Assignment — Leave the pictures aside. Retype exactly the lines from the top of the data below through the one holding "If you go into".

═════ Entries provided ═════

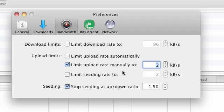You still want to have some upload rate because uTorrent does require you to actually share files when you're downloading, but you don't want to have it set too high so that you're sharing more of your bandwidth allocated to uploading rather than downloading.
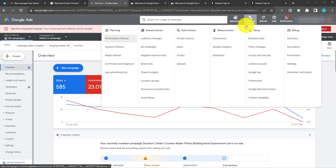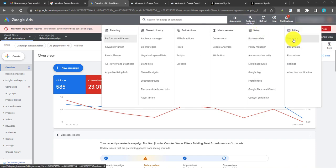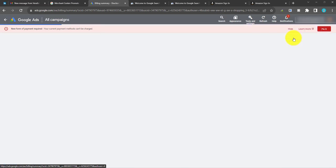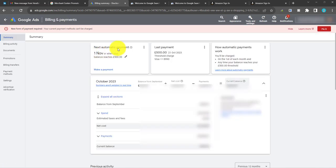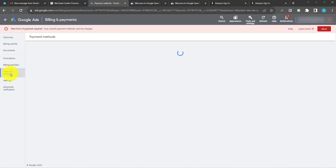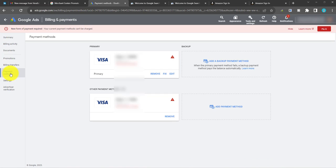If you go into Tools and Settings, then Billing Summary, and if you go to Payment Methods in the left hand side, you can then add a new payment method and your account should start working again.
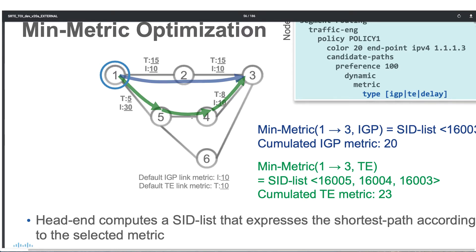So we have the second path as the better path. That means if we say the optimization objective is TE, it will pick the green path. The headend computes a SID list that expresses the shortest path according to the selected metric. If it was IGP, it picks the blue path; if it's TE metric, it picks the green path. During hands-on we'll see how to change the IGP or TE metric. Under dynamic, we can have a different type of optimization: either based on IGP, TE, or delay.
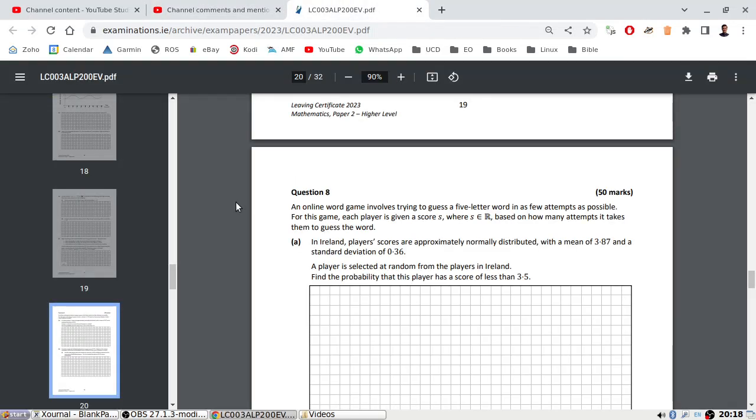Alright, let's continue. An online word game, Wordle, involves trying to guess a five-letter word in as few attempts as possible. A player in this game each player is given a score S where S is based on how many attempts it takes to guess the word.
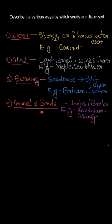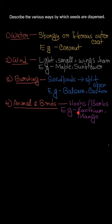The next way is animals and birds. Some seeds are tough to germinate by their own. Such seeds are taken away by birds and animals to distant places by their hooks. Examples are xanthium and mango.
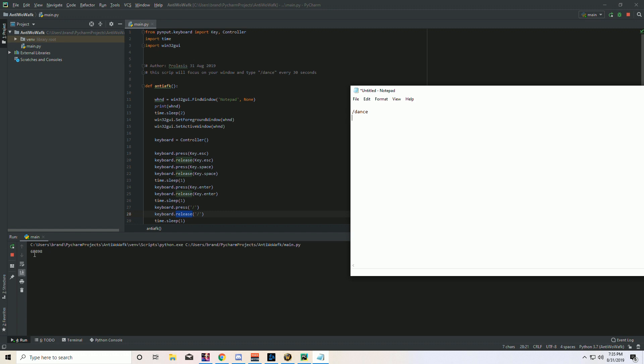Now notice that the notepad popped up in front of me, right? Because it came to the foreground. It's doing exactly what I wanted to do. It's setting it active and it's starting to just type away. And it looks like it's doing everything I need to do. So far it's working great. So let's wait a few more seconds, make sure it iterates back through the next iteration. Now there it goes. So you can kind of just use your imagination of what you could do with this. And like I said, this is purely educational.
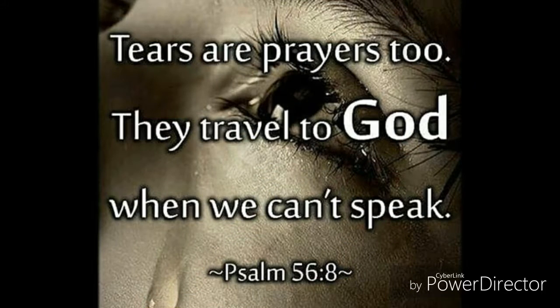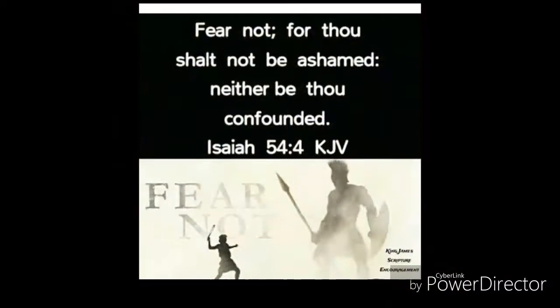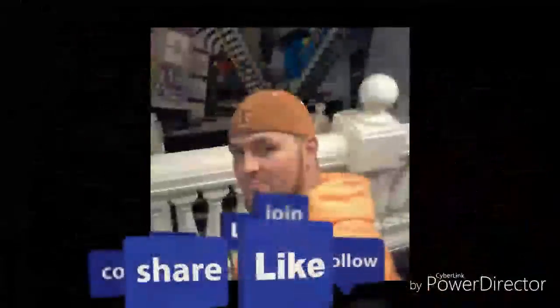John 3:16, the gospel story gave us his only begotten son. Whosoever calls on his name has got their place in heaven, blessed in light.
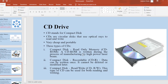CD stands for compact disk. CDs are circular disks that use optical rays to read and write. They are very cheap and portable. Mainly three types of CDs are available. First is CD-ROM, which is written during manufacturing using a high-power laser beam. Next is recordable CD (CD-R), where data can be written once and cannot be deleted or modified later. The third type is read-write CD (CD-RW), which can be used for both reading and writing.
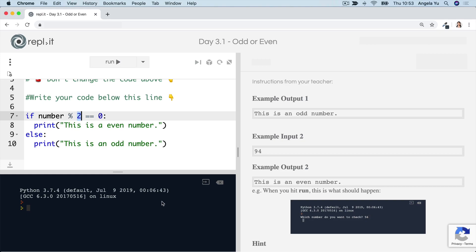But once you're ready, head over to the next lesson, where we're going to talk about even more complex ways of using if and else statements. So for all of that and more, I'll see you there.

═════

Solved problem —
You still want to have some upload rate because uTorrent does require you to actually share files when you're downloading, but you don't want to have it set too high so that you're sharing more of your bandwidth allocated to uploading rather than downloading.
If you go into Tools and Settings, then Billing Summary, and if you go to Payment Methods in the left hand side, you can then add a new payment method and your account should start working again.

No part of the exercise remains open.